**Problem to work on**
Using the line with "Saco de dormir" as your starting point, transcribe it and each line beneath it word for word until the records run out, without pictures.

Entries taken from a collection:
━━━━━━━━━━
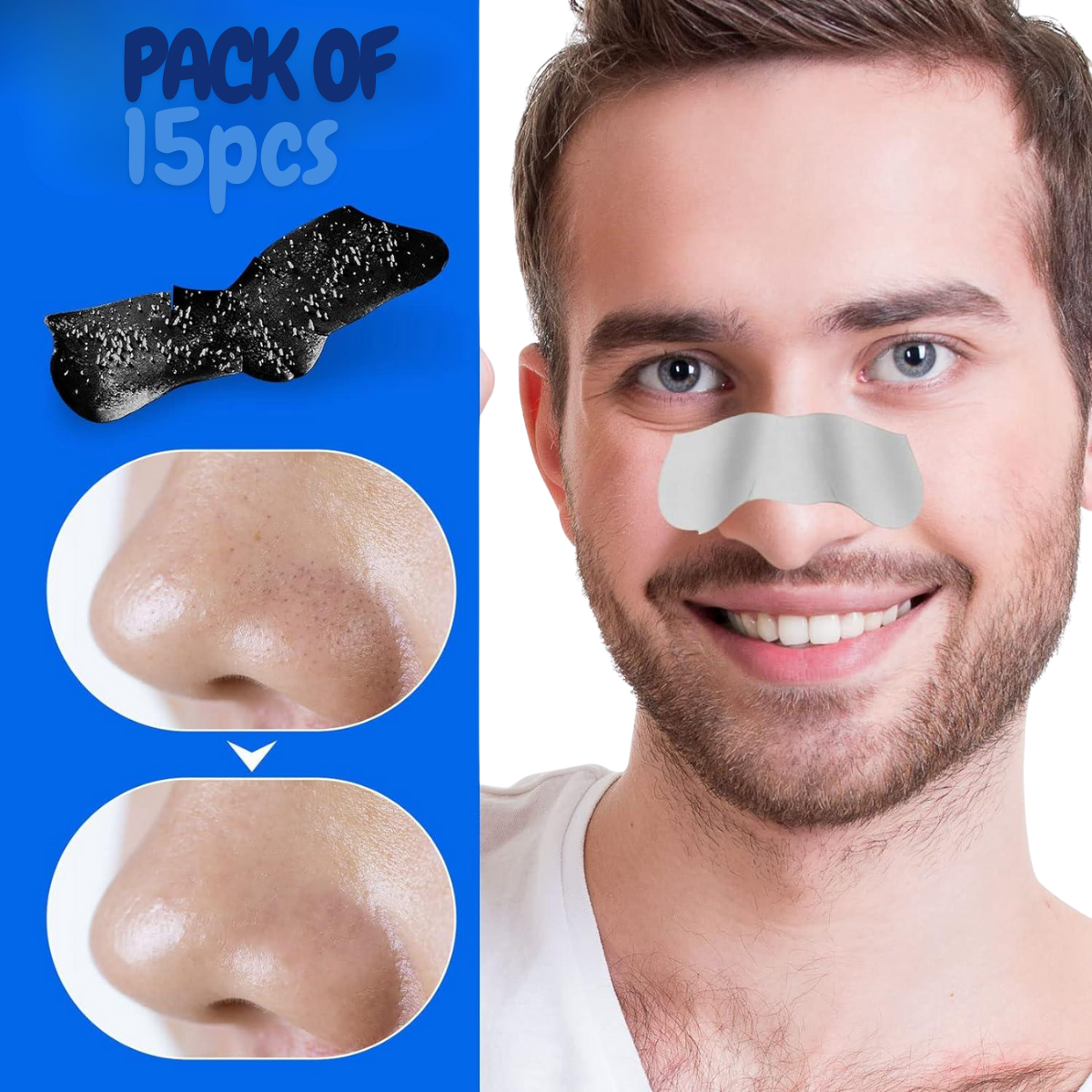 15pcs Nose Blackhead Remover Strips Mask, Charcoal Deep Pore Cleansing Nose Strips for Blackhead Removal & Whitehead Removal, Acne Treatment, Oil Control, Pore Shrinking Skin Care Mask for Men & Women, Facial Nose Cleaning Strips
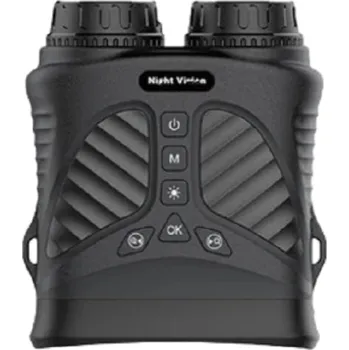 Dalekohled Binokulární dalekohled s nočním viděním s pouzdrem a napájecím kabelem Dobíjecí dalekohled pro noční vidění 10x zvětšení Funkce záznamu fotografií a videa Lovecké vybavení černá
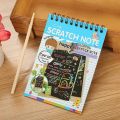 Small Scratch Note Pad Rainbow Scratch Art Papers for Kids Arts and Crafts Rainbow Scratch Art Notebooks and 4 Styluses Cute Unique Gift Idea for Kids Girls Boys Women or Anyone. 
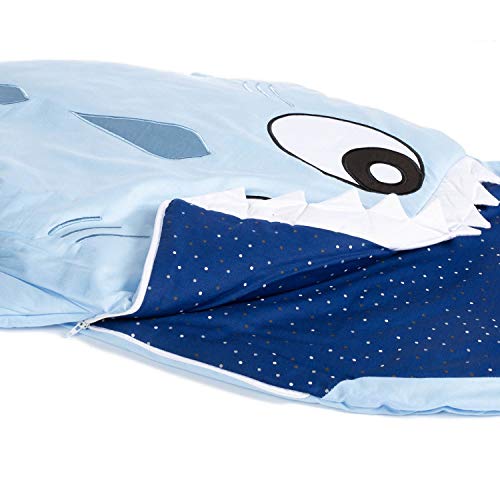 Saco de dormir para niños hecho de mamelucos de algodón para niños y niñas 85 x 70 x 6 cm - bolsa de invierno tiburón y mochila de paseo para niños pequeños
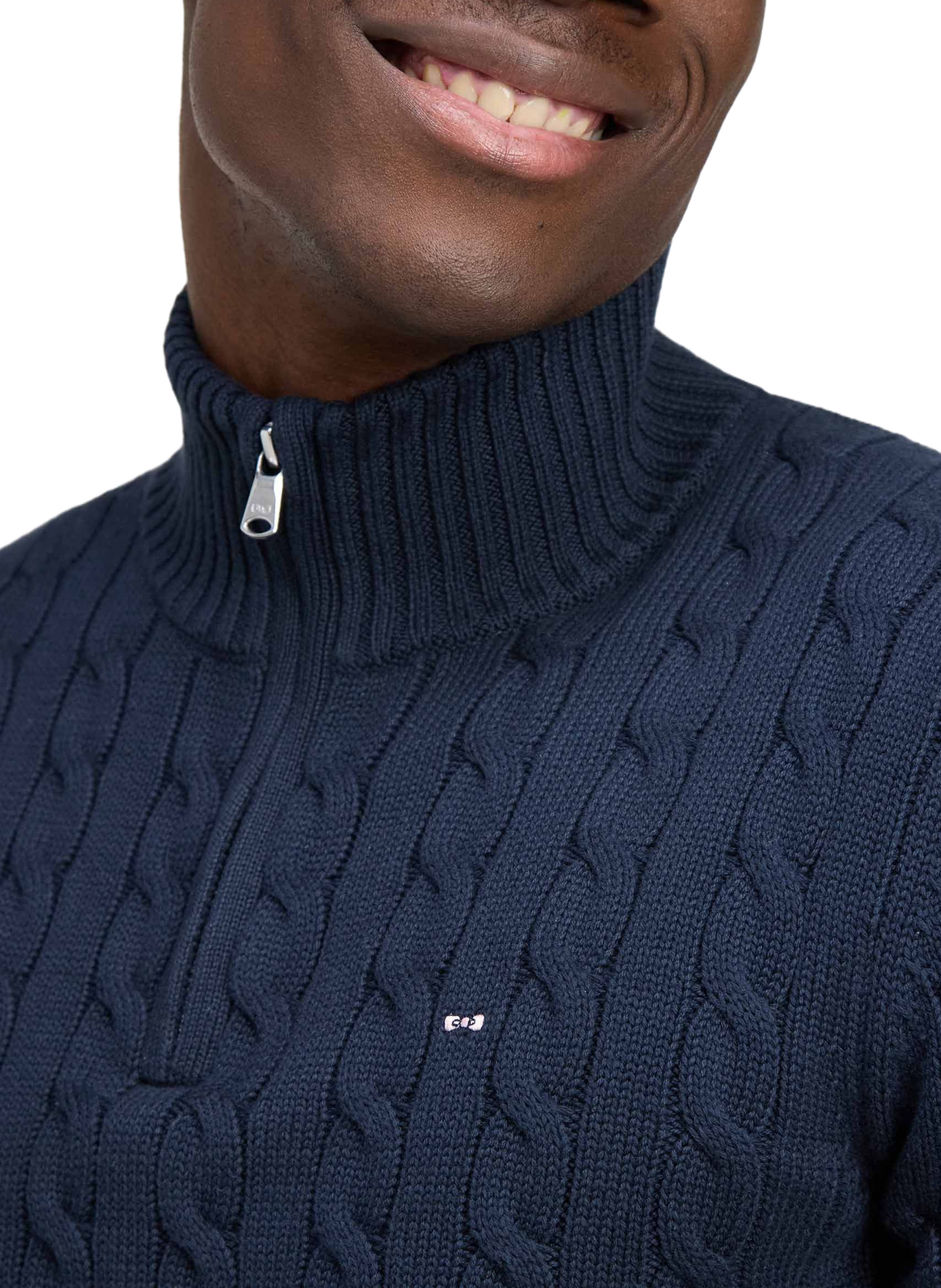 Pull col camionneur en coton EDEN PARK Blauw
━━━━━━━━━━
**Written answer**
 Saco de dormir para niños hecho de mamelucos de algodón para niños y niñas 85 x 70 x 6 cm - bolsa de invierno tiburón y mochila de paseo para niños pequeños
 Pull col camionneur en coton EDEN PARK Blauw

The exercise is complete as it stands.